For José Olympio da Veiga Pereira, president of the Fundação Bienal de São Paulo, the new selection process for Brazil’s national participation at Venice is cause for celebration: “Since the last Venice Architecture Biennale, we have been perfecting our approach to choosing projects. The success that brought us our first Golden Lion fills us with confidence that this project will also be a triumph. By having a committee select proposals submitted by various curators, we have the opportunity to broaden dialogues and strengthen the inclusion of voices from all over our country in this global showcase of contemporary art that is the Venice Biennale.

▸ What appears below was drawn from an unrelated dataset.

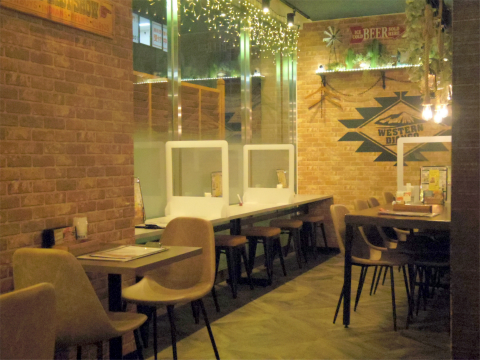 茨城県土浦市大和町にある定食、食堂の「駅前食堂 ウエスタン・ジャンゴ　WESTERN DJANGO」店内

This time, the pavilion will be imbued with the vision of curators and artists from indigenous communities, who bring an urgent perspective to the world, linked to the global theme of the edition.”

The Hãhãwpuá Pavilion

The Hãhãwpuá Pavilion symbolizes Brazil as an indigenous territory, with “Hãhãw” meaning “land” in the Pataxohã language. The name “Hãhãwpuá” is used by the Pataxó people to refer to the territory that, before colonization, was known as Brazil, but which has had many other names.

Exploring the theme Foreigners Everywhere from the 60th International Art Exhibition – La Biennale di Venezia.

The participation of the Hãhãwpuá Pavilion in the 60th International Art Exhibition – La Biennale di Venezia is aligned with the theme Foreigners Everywhere. The exhibition highlights the memory of the forest, capoeira and camouflaged birds as a metaphor for the struggles of Brazil’s indigenous peoples and their strategies for resurgence and resistance. The artist Glicéria Tupinambá, a representative of her people, brings the perspective of Foreigners Everywhere to the reality of Brazil’s indigenous peoples, whose history entails centuries of marginalisation in their own territory.